私は割とすぐ会社を辞めているが、よく泣きながら仕事をしていた頃、子供を送ってからの遅めの出社をしていた「翠」さんは、ロッカールームで泣いていた私と偶然二人きりになったときに、予想外にも声をかけてくれた。確かに泣いている後輩の前で声をかけないのも不自然かもしれないが、皆の前にいるときとは違う、心を感じる、「当たり障りない」でなく「わたし用」の声をかけてくれたのだ。「翠」さんは、あのとき私を頑張らない方向に励ましてくれた。
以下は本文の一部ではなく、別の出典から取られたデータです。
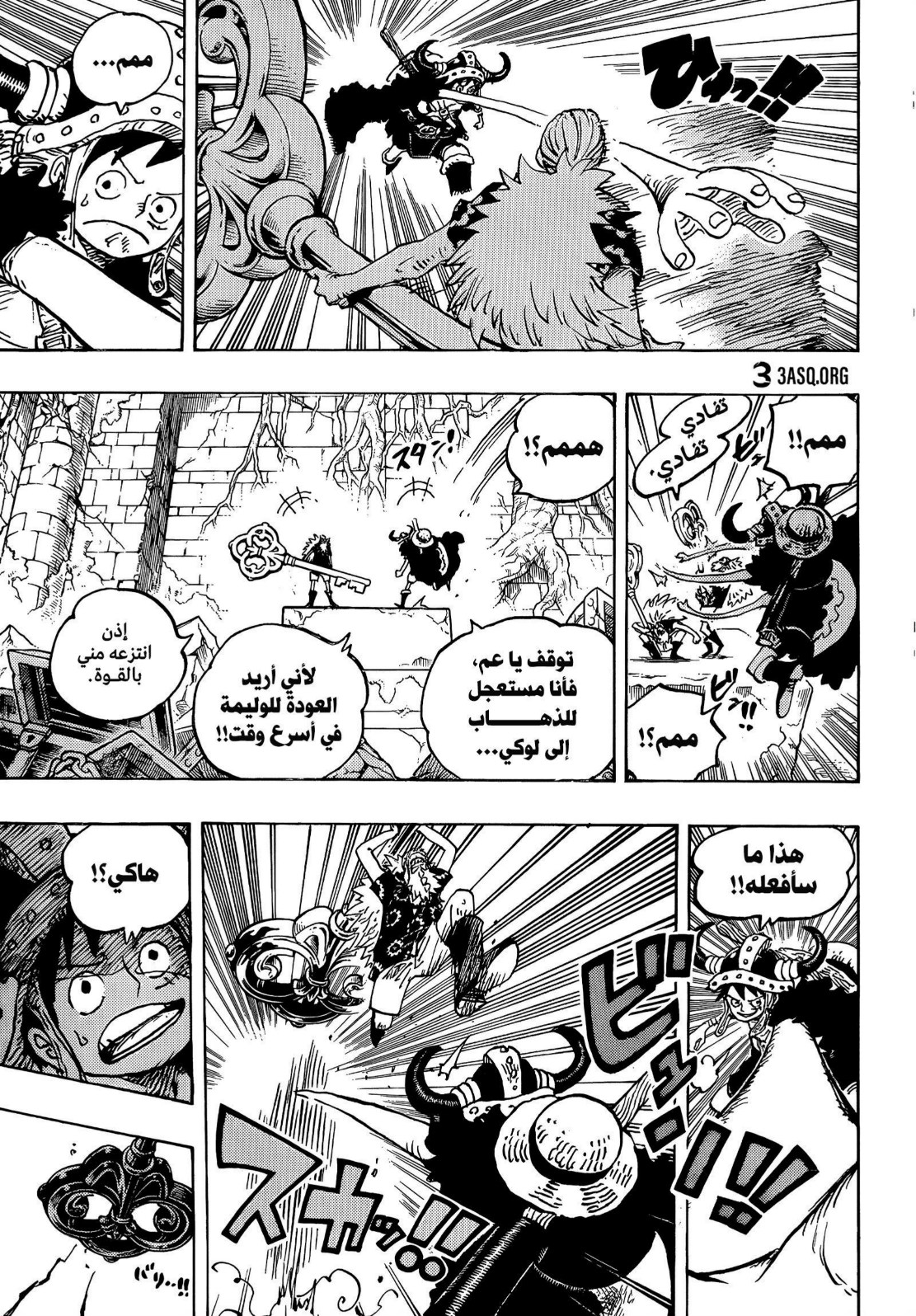 ون بيس الفصل 1140 - الصفحة 3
名前の響きだけでなく心の美しさと、「黒くてつやのある髪」を形容するときに使用する「翠」という名前がぴったりの人だったことがわかった。
嫌なことを考えたくないときは、こうやって言葉を繋いで、新しい言葉に飛ばして膨らませてく。思い出を振り返る。今日あったことを思い出す。GW中の晴れて暖かかった日。憧れていた人の個展を見に行った。美しいブルーと白と金の馬。白から金が滲み出た天使。この天使を内側の腕に刻みたいと思ったけど、2日前にママにタトゥーはだめと言われた。ママの言うことを聞こうとする26歳になりそうな女。そんな女を「ギャラは出すから30分だけご飯に行こう」と誘ってきた、ナンパ師のおじさん。私は今日三つ編みしてたしカジュアルな服装してたから、たぶんその人ロリコンだったんだと思う。一人で歩くと積もっていく不名誉なナンパ履歴。
羊文学の「ロマンス」を聴いて帰る。この街で叫んだら。誰かが見つけてくれるんじゃないかって思う。きっとロリコンのおじさんもそう。ロマンスは女の子のためだけの歌じゃない。誰でもいいおじさんが声をかけ続けたどうでもいい女の子たちの中にひとり、おじさんを特別に思ってくれる子がいることを願う。爽やかに去っていくナンパ師は意外とたくさんいる。なんなら迷っているときに話しかけられて、一か八かで聞いてみたら新宿駅の東口を教えてくれるナンパ師も存在する。おじさんがいろんな女の子に不快な思いをさせまくる前に、おじさんの顔が好みで気が合う女の子が現れますように。